I Played Flappy Bird in ChatGPT... Not Good!
GPT-4 is fantastic, but is it good enough to be a Game Engine? I tried this with Flappy Bird, using a simple LangChain program and some Prompt Engineering.
We all know Flappy Bird, the simple game of a bird avoiding pipes (the bird is called Faby if you didn’t know :D). It’s a good practice project for beginner programmers. After seeing Code Bullet fail to use ChatGPT as a game engine for Flappy Bird, I was determined to take up the challenge! It’s a cool video by the way.
what does it mean to use ChatGPT as a Game Engine?
If we had to make our own Flappy Bird, say, in Python, we had to code all the game logic, the rules, the gravity of the bird falling, the action of the bird flying up, keeping the score, making the pipes move left and generating new ones, and of course tackle with a handful of unexpected bugs that is the essence of programming.
But here, I’m not doing ANY of that. I want ChatGPT to create the state of the Flappy Bird game step by step. I don’t want to code any of the game rules and mechanics, but I want to explain them to ChatGPT and have it xgenerate the game frame by frame.
Let’s Build it!
As you can check out in the above outline, I formulate my prompt using two ingredients:
[current state of the game] + [user command]
For the purpose of communicating with ChatGPT, I’m using LangChain. It’s a very powerful tool when it comes to AI chatbots but I am only using a pinprick of its power.

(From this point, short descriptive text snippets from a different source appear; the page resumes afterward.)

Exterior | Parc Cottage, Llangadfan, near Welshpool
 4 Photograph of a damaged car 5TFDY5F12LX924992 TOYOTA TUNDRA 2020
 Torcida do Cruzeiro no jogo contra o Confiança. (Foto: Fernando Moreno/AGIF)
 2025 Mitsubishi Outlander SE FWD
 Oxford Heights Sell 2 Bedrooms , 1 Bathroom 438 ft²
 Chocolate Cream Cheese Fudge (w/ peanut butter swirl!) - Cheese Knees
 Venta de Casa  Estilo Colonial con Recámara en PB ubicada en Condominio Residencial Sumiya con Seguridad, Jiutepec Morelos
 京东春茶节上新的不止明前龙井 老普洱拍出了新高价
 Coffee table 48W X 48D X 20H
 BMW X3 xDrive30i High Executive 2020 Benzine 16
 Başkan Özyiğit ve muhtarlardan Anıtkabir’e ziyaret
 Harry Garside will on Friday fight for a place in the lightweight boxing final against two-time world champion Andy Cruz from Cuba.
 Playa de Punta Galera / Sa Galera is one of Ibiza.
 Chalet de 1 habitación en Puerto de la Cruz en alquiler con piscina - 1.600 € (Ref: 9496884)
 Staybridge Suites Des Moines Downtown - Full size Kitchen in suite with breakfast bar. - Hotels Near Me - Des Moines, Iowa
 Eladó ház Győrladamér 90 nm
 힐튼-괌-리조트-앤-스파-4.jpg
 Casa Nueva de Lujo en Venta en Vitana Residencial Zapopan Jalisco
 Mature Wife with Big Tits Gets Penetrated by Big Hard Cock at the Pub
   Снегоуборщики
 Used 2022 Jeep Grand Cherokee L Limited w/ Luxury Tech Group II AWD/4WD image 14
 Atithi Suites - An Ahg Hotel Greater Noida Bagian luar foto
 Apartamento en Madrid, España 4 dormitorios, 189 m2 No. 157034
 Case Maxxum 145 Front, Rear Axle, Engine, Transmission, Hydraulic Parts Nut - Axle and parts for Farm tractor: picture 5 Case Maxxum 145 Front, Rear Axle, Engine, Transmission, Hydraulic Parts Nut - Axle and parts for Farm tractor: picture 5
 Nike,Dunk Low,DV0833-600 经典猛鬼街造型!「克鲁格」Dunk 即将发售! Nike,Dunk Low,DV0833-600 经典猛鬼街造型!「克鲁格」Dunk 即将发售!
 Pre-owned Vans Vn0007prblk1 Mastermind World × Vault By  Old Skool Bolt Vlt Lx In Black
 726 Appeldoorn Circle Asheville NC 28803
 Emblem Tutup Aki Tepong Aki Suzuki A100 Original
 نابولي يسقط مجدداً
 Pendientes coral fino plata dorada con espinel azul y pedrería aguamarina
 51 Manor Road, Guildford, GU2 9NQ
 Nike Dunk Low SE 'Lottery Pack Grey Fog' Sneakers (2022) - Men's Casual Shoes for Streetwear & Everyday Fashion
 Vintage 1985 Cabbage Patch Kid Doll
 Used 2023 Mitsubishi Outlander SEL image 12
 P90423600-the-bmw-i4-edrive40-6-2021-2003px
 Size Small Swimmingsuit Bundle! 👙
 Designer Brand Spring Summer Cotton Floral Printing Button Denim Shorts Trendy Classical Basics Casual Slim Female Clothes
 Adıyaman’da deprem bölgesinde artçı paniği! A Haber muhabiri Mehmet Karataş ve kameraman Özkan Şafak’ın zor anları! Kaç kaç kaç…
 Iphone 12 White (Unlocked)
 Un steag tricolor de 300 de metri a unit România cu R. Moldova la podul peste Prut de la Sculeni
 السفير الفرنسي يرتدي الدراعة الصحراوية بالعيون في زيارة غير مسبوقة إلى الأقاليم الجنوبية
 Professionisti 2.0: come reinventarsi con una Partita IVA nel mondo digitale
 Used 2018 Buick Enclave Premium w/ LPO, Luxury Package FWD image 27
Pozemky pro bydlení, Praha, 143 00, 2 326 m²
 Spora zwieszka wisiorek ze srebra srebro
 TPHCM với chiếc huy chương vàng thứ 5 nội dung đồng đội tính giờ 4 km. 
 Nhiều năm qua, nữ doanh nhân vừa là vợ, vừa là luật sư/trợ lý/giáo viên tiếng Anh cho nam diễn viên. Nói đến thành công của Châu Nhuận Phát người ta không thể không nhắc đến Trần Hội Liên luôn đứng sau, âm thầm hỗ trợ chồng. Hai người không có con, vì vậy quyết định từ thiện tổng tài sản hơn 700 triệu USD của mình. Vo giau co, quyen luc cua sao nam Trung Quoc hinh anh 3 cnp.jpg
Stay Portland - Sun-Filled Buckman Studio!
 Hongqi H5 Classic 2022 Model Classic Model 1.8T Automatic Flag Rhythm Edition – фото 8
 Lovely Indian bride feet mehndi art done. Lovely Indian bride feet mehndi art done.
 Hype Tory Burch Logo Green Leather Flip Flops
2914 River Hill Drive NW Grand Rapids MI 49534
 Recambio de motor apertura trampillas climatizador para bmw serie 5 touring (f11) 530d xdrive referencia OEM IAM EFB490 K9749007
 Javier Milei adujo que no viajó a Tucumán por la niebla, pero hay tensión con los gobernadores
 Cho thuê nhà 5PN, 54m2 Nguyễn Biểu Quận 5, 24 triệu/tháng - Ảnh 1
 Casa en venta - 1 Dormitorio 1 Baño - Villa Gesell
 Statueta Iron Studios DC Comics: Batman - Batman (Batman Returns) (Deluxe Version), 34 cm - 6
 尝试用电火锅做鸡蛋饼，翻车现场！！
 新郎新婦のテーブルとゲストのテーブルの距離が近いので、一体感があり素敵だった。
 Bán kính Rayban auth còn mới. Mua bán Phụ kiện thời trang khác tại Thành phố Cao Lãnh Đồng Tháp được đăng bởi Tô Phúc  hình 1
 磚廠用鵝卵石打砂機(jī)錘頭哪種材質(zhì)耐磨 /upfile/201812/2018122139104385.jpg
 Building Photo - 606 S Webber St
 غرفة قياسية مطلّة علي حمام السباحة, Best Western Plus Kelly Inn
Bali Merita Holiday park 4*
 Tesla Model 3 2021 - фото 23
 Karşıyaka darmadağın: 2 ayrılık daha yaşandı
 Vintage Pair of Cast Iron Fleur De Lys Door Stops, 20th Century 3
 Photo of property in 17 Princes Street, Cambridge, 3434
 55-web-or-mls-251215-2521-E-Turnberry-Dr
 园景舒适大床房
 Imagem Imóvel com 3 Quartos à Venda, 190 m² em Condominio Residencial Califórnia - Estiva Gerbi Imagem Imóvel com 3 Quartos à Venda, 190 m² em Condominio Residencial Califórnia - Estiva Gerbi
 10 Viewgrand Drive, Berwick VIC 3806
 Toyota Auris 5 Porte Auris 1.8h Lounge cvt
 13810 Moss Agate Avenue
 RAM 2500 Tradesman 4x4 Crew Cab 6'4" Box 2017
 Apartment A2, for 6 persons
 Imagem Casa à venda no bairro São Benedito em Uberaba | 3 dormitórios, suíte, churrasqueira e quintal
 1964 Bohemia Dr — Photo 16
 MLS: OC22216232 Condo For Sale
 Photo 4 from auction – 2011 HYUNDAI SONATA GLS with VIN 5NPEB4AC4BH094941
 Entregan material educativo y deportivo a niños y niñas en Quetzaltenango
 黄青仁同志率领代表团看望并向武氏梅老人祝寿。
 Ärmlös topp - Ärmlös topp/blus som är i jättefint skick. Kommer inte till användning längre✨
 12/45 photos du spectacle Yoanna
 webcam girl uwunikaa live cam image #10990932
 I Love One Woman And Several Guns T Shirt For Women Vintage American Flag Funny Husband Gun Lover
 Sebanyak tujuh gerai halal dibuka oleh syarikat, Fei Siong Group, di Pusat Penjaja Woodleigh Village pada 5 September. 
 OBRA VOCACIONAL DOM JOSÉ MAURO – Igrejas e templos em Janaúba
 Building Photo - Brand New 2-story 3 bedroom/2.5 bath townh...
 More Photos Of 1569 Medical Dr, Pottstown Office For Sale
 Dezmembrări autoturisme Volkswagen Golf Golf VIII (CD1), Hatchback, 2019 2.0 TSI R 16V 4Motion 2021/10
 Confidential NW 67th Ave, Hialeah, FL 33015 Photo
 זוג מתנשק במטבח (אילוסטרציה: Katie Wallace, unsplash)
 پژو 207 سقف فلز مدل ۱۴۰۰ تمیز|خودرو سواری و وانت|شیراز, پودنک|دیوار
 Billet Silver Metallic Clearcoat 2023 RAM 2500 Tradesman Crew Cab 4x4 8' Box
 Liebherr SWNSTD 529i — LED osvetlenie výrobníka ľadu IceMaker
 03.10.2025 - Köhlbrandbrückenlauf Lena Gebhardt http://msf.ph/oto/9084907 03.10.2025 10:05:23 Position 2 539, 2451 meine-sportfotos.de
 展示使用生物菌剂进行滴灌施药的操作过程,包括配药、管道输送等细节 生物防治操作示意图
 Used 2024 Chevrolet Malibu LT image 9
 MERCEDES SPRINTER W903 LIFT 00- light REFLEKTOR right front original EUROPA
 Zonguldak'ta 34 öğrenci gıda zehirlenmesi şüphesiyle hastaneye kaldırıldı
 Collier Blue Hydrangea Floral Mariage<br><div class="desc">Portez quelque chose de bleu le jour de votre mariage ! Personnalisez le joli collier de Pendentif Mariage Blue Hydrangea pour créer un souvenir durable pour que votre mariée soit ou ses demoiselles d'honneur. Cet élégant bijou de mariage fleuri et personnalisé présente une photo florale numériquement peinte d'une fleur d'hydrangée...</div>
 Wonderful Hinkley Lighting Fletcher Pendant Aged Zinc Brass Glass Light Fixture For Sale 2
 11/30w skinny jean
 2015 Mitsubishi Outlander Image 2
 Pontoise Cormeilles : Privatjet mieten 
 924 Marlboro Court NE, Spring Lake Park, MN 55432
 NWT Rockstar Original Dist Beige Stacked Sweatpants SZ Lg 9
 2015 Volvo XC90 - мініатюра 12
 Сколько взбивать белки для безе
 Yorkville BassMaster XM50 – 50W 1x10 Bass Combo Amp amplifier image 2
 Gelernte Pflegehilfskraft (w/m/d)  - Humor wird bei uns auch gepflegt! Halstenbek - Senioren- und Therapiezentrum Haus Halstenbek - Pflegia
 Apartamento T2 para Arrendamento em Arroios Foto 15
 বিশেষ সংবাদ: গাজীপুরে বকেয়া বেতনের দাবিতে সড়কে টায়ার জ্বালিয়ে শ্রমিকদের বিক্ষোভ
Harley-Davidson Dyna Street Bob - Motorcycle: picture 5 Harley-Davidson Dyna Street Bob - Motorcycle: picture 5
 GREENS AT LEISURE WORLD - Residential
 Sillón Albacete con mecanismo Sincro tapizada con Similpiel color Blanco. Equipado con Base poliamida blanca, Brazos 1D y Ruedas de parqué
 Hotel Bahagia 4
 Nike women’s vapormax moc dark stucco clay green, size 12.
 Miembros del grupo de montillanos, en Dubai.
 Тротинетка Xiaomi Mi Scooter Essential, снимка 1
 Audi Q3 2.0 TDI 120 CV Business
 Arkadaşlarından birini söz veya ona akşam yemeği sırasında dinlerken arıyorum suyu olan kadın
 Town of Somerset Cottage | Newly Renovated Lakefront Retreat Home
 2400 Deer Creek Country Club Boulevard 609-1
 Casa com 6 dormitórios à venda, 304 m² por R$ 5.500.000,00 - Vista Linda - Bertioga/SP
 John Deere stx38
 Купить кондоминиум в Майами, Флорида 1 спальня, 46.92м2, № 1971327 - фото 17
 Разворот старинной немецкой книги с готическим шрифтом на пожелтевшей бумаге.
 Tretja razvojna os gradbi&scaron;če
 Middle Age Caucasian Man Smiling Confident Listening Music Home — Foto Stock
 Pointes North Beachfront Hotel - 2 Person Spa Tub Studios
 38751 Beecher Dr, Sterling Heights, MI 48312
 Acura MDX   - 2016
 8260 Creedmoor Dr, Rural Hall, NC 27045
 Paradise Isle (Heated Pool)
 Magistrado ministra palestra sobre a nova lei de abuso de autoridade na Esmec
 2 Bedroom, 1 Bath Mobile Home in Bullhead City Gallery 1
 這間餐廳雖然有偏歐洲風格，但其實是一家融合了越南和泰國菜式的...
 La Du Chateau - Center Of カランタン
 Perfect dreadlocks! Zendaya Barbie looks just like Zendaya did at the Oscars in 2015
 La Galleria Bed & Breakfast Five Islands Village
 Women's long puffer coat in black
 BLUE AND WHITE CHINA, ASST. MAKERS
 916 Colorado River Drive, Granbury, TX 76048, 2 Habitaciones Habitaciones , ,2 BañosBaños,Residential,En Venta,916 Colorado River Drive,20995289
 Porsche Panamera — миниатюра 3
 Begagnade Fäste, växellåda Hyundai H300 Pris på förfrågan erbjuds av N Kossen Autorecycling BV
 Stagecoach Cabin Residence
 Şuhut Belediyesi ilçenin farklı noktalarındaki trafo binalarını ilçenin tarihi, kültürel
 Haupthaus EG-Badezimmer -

To represent each frame of Flappy Bird, I am encoding it in text format using >
for bird, |
for pipe and 0
for the empty space. Hopefully, by keeping the game state simple and using only a few characters, we won’t confuse ChatGPT. Here’s an image that shows how we see the game vs. how ChatGPT perceives it:
In Flappy Bird, you can either JUMP (or go UP), or you can do nothing (show the NEXT frame). So, for the user commands, we have either UP
or NEXT
.
To begin chatting with ChatGPT using LangChain, you must put your OPENAI_API_KEY
in a .env
file. This API key is needed to work with ChatGPT (how to get API key). Next, we set up the LLM module, specifying gpt-4-turbo
as our model.
from langchain.prompts import (
ChatPromptTemplate,
FewShotChatMessagePromptTemplate,
)
from langchain.chat_models import ChatOpenAI
from dotenv import load_dotenv
from game_prompts import *
load_dotenv(dotenv_path=".env")
llm = ChatOpenAI(model="gpt-4-turbo", temperature=0.1)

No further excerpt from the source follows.